### Entries shown
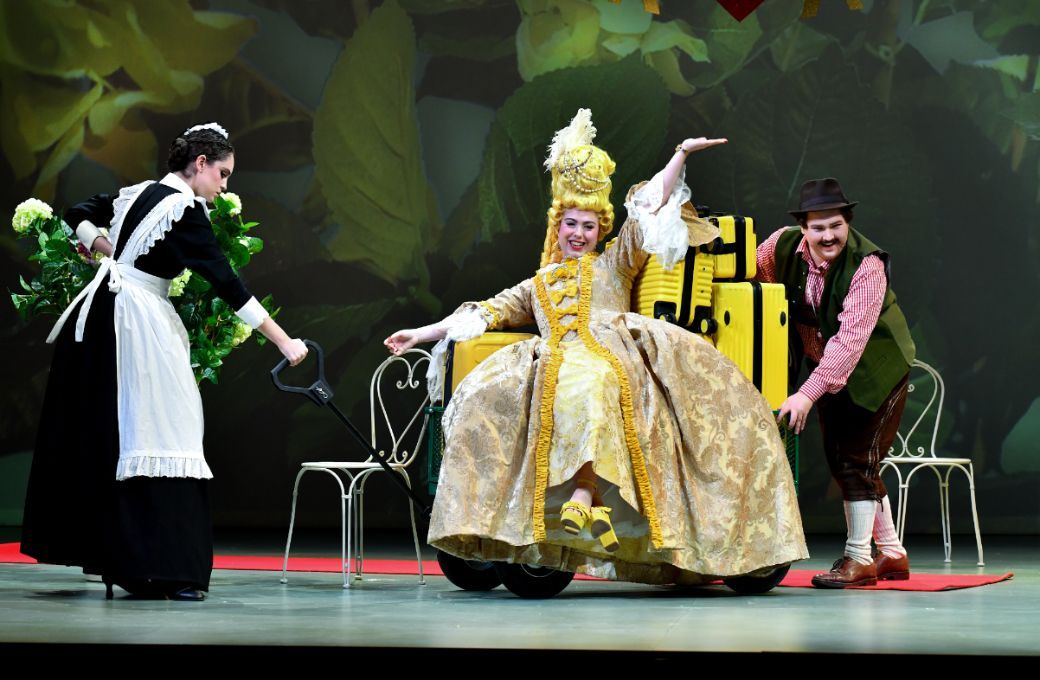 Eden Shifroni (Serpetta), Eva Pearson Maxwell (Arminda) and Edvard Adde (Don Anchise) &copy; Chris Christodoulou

--

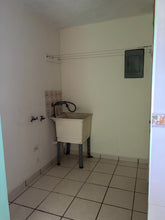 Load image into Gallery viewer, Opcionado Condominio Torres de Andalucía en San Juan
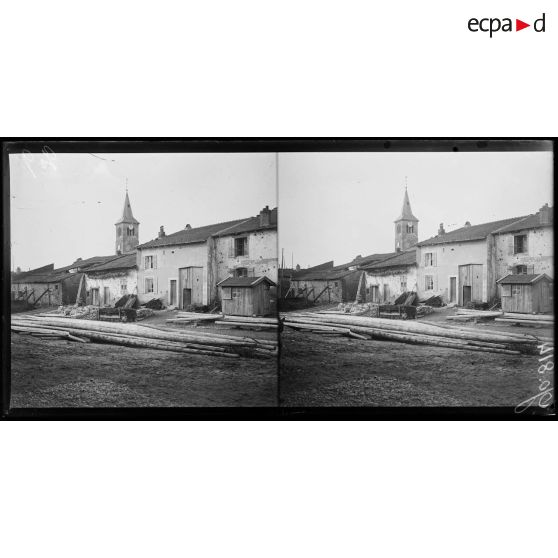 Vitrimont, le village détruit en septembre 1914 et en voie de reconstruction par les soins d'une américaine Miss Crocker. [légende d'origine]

==

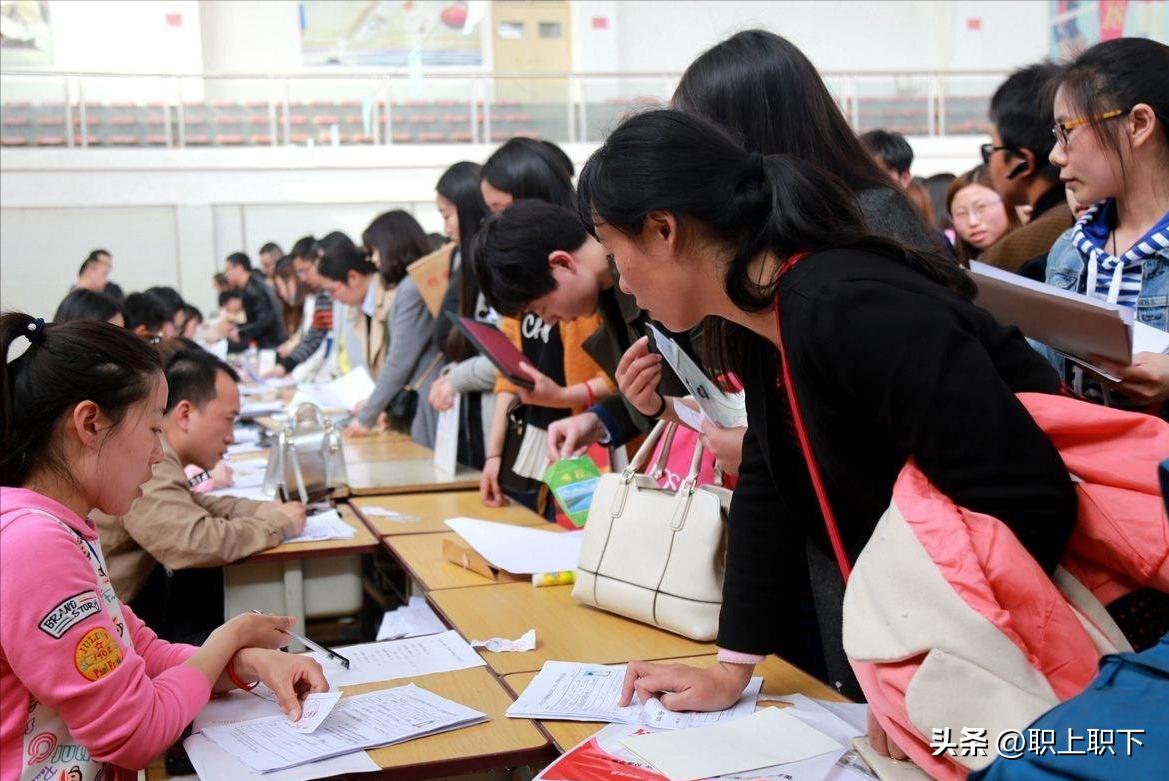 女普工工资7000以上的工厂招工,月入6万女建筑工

### Task directions
Please output, exactly as written, the lines above from the one holding "Load image into" through the one holding "Vitrimont, le village", both included, with the pictures omitted.

### Solution to this exercise
 Load image into Gallery viewer, Opcionado Condominio Torres de Andalucía en San Juan
 Vitrimont, le village détruit en septembre 1914 et en voie de reconstruction par les soins d'une américaine Miss Crocker. [légende d'origine]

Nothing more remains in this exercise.